Tuesday, July 19, 2011

Jewish Moroccans in the Netherlands: Balancing Between Cultures

Here is an article from Radio Netherlands about Moroccan Jews who live in the Netherlands. They are all at once, Moroccan, Jewish, Dutch, and also sometimes Israeli.
Jewish Moroccans in the Netherlands: Balancing Between Cultures
Published on : 3 July 2011

Stories about Dutch Moroccan youths verbally abusing or physically threatening Jews crop up fairly frequently in the Dutch media, and politicians - especially Geert Wilders and the Freedom Party - call for hard measures against “Moroccan street terrorists". What's it like to live in the Netherlands if you're both Jewish and Moroccan?

By Jannie Schippers and Mohamed Amezian

Victor Bohbot, 56, has seen the climate in the Netherlands change over the years: “I came here in 1974, the entire country was pro Israel. When I was a soldier in the IDF, met lots of Dutch truck drivers who would come to Israel to volunteer."

Until very recently, Victor ran a number of restaurants in Amsterdam, Deventer and Bussum. In 1984, he and his family left ‘for good’ and went back to Israel. However, four years later they were back in the Netherlands. “It's difficult. What am I? For the Dutch, I'm a foreigner but I'm also not a real Israeli or Moroccan".

Cross the road
Out on the street, some people comment on the Star of David that Victor wears around his neck. He says, “A little while ago, I was standing outside when a group of kids came along, about 14, 15 years old." When he greeted them in Moroccan slang (‘la bas?), everything was all nice and friendly: “When they realise I speak Arabic, everything is okay on the surface, but the way they look at me..."

Victor says that in recent years numerous Jewish Moroccans have emigrated to Israel from France: “There have been a lot more incidents in France; people really don't feel safe. I know someone who goes back and forth every week. He sent his family to Israel but he still works in Paris." Victor does not believe that it will get as bad in the Netherlands as it is in France: “The Jewish community here in the Netherlands is much smaller and much less visible". Even though Victor says he will never leave his Star of David at home because it's safer, he won't wear a yarmulke in the streets and only puts it on when he gets to the synagogue. “I don't think it's necessary to be provocative. If I see a problem walking towards me, I cross the street. My brother thinks that's cowardly; he doesn't let anybody get away with being abusive.”

"I'm one of them"

Jacob al-Malagh, a 47-year-old Jewish Moroccan mechanic, comes into contact with Dutch Moroccans on a daily basis: “About 70% of my customers are Moroccan; I work with Moroccans and for Moroccans." He meets members of the small Moroccan Jewish community in the Netherlands – between 50 and 100 people – at the synagogue and during the holidays. Jacob says his strong bond with Israel has never caused him a problem in all the 26 years that he has lived in the Netherlands. “Moroccans treat me like one of them and according to the Dutch, one says I'm an Israeli, another sees me as a Moroccan or a Jew, while another thinks I'm Dutch. I really don't care what anyone thinks.”

Bad reputation
Both Jacob and Victor say that politicians such as Geert Wilders only make the problem worse. According to Victor, “He has very extreme ideas. Wilders is not pro-Israel, his real focus is internal Dutch politics." Jacob avoids politics: “As soon as someone starts yammering about Arabs and Jews and Muslims I say sorry, that's nothing to do with me. What other people do, that's up to them. I live in the Netherlands and I want to live in peace with everybody else".
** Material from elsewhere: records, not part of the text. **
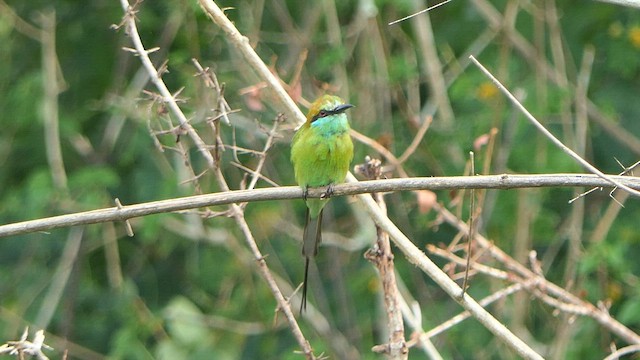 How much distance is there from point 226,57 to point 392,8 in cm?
98

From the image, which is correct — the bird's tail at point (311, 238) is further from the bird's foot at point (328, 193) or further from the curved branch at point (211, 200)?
the curved branch at point (211, 200)

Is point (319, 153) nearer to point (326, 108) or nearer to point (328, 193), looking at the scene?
point (326, 108)

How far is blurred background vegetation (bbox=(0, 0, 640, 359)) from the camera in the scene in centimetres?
540

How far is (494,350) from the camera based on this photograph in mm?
5641

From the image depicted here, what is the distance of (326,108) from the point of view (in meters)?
3.81

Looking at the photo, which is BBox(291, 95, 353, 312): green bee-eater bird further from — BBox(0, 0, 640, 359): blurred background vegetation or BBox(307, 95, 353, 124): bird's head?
BBox(0, 0, 640, 359): blurred background vegetation

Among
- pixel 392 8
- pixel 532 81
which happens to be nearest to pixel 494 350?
pixel 532 81

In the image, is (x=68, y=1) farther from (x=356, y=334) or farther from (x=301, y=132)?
(x=301, y=132)

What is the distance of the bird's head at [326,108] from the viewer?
3803 millimetres

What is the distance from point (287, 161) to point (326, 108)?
216cm

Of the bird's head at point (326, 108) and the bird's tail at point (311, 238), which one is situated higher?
the bird's head at point (326, 108)

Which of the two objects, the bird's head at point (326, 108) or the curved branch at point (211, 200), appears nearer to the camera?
the curved branch at point (211, 200)

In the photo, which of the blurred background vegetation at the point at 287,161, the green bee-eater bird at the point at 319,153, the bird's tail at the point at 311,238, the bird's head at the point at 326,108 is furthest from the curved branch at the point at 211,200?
the blurred background vegetation at the point at 287,161

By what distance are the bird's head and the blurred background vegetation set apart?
1.32 meters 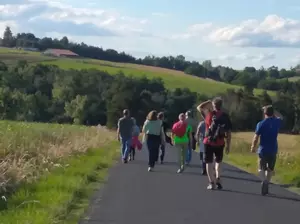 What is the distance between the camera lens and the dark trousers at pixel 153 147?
1950cm

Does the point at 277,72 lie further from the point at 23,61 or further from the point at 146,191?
the point at 146,191

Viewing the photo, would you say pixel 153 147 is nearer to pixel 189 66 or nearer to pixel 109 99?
pixel 109 99

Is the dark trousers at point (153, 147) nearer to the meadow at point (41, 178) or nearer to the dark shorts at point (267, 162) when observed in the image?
the meadow at point (41, 178)

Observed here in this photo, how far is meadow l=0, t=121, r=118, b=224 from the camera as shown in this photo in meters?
10.4

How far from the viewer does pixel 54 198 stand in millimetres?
11688

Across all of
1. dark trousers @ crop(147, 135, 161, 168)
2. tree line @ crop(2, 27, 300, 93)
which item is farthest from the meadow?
tree line @ crop(2, 27, 300, 93)

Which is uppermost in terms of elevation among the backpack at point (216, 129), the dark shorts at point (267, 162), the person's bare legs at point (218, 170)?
the backpack at point (216, 129)

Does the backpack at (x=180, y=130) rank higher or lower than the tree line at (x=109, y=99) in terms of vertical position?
higher

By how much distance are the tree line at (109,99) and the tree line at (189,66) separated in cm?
2128

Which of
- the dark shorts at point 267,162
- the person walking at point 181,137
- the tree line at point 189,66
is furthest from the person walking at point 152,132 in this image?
the tree line at point 189,66

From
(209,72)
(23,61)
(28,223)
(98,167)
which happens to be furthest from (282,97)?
(28,223)

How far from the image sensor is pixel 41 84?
315 feet

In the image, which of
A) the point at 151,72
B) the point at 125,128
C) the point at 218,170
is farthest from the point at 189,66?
the point at 218,170

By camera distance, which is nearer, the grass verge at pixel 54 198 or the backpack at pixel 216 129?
the grass verge at pixel 54 198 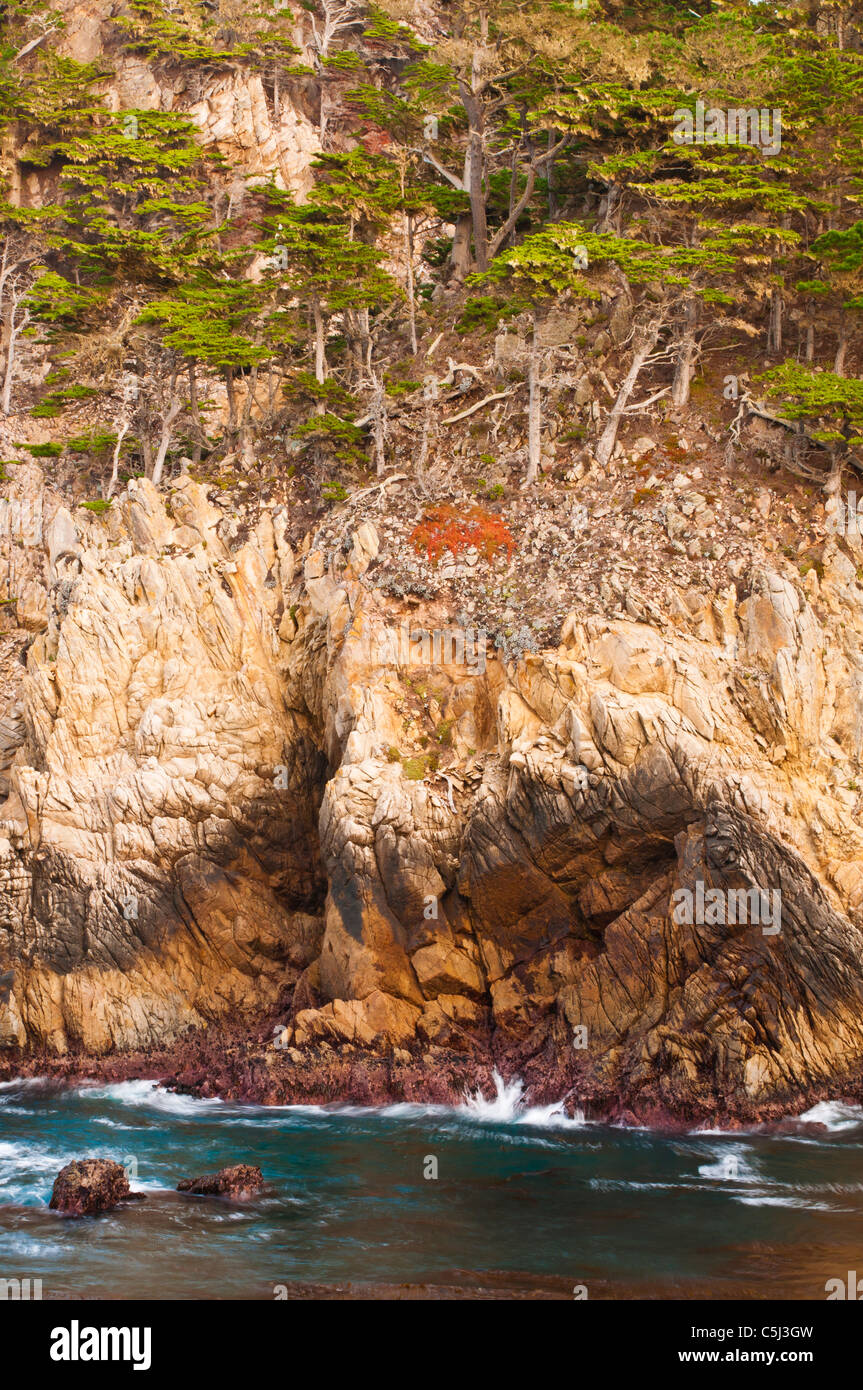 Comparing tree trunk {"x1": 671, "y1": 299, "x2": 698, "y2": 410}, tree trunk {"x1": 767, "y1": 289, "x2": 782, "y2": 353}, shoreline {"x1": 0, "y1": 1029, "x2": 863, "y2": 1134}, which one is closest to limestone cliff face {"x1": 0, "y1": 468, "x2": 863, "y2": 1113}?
shoreline {"x1": 0, "y1": 1029, "x2": 863, "y2": 1134}

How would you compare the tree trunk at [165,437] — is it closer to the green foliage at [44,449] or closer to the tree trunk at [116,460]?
the tree trunk at [116,460]

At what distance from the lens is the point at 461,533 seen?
3419cm

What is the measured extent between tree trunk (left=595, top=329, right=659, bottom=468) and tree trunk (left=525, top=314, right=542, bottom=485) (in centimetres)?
175

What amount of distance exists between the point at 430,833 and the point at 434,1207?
9598 millimetres

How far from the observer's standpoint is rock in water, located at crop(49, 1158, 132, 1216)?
21078 millimetres

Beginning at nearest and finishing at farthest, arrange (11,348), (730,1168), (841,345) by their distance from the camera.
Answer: (730,1168), (841,345), (11,348)

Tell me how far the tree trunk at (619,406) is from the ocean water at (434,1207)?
17.8 m

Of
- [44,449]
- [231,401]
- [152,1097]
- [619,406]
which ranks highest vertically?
[231,401]

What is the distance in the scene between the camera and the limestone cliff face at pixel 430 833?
2566 centimetres

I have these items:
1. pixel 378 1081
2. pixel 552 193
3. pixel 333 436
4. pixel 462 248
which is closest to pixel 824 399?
pixel 333 436

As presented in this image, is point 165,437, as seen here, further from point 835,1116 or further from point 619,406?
point 835,1116

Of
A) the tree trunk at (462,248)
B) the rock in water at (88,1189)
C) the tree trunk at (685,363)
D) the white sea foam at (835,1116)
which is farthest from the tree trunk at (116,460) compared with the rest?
the white sea foam at (835,1116)

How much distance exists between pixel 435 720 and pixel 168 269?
21.3 m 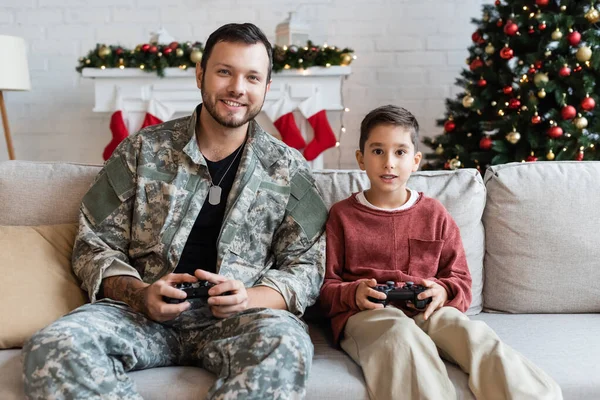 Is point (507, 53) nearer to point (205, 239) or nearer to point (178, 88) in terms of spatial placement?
point (178, 88)

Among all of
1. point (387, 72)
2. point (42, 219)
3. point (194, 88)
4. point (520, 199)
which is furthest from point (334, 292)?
point (387, 72)

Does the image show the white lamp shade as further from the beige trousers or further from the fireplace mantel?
the beige trousers

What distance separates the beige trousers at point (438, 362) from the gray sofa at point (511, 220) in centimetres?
33

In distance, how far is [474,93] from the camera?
336 cm

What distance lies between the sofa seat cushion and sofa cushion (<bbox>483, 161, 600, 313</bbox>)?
19cm

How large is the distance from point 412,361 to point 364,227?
0.47 metres

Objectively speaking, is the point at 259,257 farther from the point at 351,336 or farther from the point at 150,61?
the point at 150,61

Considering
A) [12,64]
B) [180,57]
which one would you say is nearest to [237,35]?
[180,57]

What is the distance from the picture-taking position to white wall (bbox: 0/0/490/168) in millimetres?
4125

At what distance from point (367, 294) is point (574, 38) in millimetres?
1982

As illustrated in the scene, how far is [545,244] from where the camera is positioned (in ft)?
6.48

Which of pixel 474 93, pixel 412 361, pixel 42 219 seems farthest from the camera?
pixel 474 93

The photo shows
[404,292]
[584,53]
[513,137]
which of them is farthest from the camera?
[513,137]

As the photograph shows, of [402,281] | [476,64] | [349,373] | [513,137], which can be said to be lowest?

Victor has noticed that both his son and daughter have distanced themselves from the land of his birth: “My son doesn't want to admit that his father is from Morocco. Moroccans have a really bad reputation here in the Netherlands and he doesn't want to be a part of that. But I can't forget where I come from. My grandfather always used to say that if you don't know where you come from, you’ll never know where you're going."

(Partial) History of Jews in Morocco

After the fall of the Second Temple in 70 CE, Jews were dispersed throughout the Roman Empire, including what is now modern Morocco. In 1492, Jews and the remaining Moslems were expelled from Catholic Spain and many ended up in Morocco. Moroccan Jews had a specific niche in society and had their own synagogues. After the establishment of the state of Israel in the wake of the Second World War, many Jews left the country, fearing outbreaks of religiously-motivated violence. There are less than 5,000 Jews left in Morocco.